Provide ample opportunities for students to practice problem-solving and critical thinking skills.  Whenever most math teachers see a teaching tip encouraging more opportunities for problem solving they immediately think about word problems.  Word problems are good and serve a purpose in increasing critical thinking, but there are other way to promote critical thinking and problem solving in math classes as well.  Here are a few ideas to consider.

Desmos Marbleslides

Students explore transformations of functions (translation, reflection, stretch/shrink) in a game-like setting.  Students must manipulate the parent function in such a way as to capture the stars on the screen when balls are launched from a specific location.  This activity is great for exploring how the graph changes when different numbers in different places in the function are changed.  Problem solving is required to discover the correct combination of transformations to successfully capture the stars.  Tasks are designed to start with simple transformations and work up to some really challenging problems for students who want to stretch their thinking.  Check out the link to this Marbleslides: Parabolas activity on Desmos (you may need to create a free account if you do not already have one).

Desmos Polygraphs

This is the math version of the game 20 Questions.  Students are paired up with other students in your class who are signed in to the same activity.  The goal is to guess which image (usually a geometric figures or a graphs of functions) the other student chose with the fewest questions possible.  One student is prompted to choose one of the images.  The other student then asks yes/no questions by typing into the question box.  When their partner responds, the questioning student can click on images that would be eliminated based on that response.  The student WINS when they have figured out the other student’s choice.  Then students are re-matched with another student.  This activity promotes critical thinking in that students must notice differences in the details of the images, and then must communicate about those differences using proper vocabulary.    Check out this YouTube video by Brian Wise to see how a game would be played.  Or, click on this link to see a Polygraphs: Exponentials example on Desmos (you may need to create a free account if you do not already have one).

Geometric Proofs

Writing proofs, start to finish, certainly requires problem solving and critically thinking.  However, many students initially struggle with this skill.  Teachers can scaffold the kind of critical thinking necessary by presenting proofs as puzzles to solve.  For a two-column proof, teachers can put each statement and each reason of a proof on separate pieces of paper.  Then give students a “framework” for the proof.  The framework could be set up in three different ways, depending on the level of the student or where the students are in the scaffolding progression.

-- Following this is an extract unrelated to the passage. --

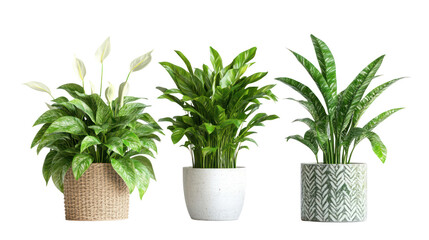 Obraz premium Three potted green houseplants in decorative pots isolated on transparent background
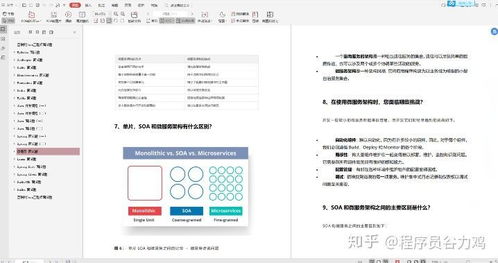 派派版本,专业调查解析说明 交互版1_v9.418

1.     The framework could include all of the reasons in the correct order and the students must match the correct statement.

2.     The framework could include all of the statements in the correct order and students must match the correct reason.

3.     The framework could just show spaces for statements and reasons and the students must determine the correct order for all of them.

The framework could also be adapted to work for paragraph proofs or flowchart proofs.  However the framework is structured, students are practicing the logical thinking necessary to eventually write geometric proofs on their own, but in a more accessible format that encourages problem solving and critical thinking.  (Note:  The “correct” order should be based on what is logically correct.  That means that for some proofs, different arrangements could be considered correct.)  Check out this example of what a geometric proof might look like.

Trigonometric Proofs

Trigonometric proofs of identities can be set up similarly to geometric proofs, but we do not usually include reasons as part of these proofs.  As such, the separate pieces of paper will only contain the individual steps for changing one trigonometric expression into another, equivalent expression.  Then students are tasked with putting the steps in the correct order.  (Note:  The “correct” order should be based on what is logically correct.  That means that for some proofs, different arrangements could be considered correct.)  Check out this example of what a trigonometric proof might look like.

Error Analysis

When teachers ask students to “do” a problem, students are demonstrating one level of understanding - that they can follow the correct steps to arrive at a correct response.  But we can ask students to demonstrate a different level of understanding when we ask them to analyze a problem that has already been worked out and discover the mistake in the work.  This requires students to use a higher order of thinking to follow someone’s steps and find the error in their work.  We can raise the level even higher if we also ask students to explain WHY that step is an error, WHY it does not work, and HOW the problem could be reworked correctly.  One more layer can be added to this type of problem if you tell students that it is their friend who has made the error and they must write the explanation as if they are addressing their friend and they want their friend to actually learn how to do the problem correctly.  This encourages them to write their analysis in a positive, helpful way because it makes the task a bit more personal.  Error Analysis can be especially helpful is the “error” in the problem is something that students often miss.  Students get a chance to see the mistake in “someone else’s” work and will hopefully learn not to make that mistake themselves.  Check out this example of what an error analysis problem might look like.

The key in all of these examples is to get students to think beyond just following the steps of working out a problem.  Give students chances to think differently or more deeply about a problem, and turn it into a puzzle to solve or something to figure out.  They will benefit from these opportunities to practice problem solving and critical thinking skills as they broaden their ability to think mathematically.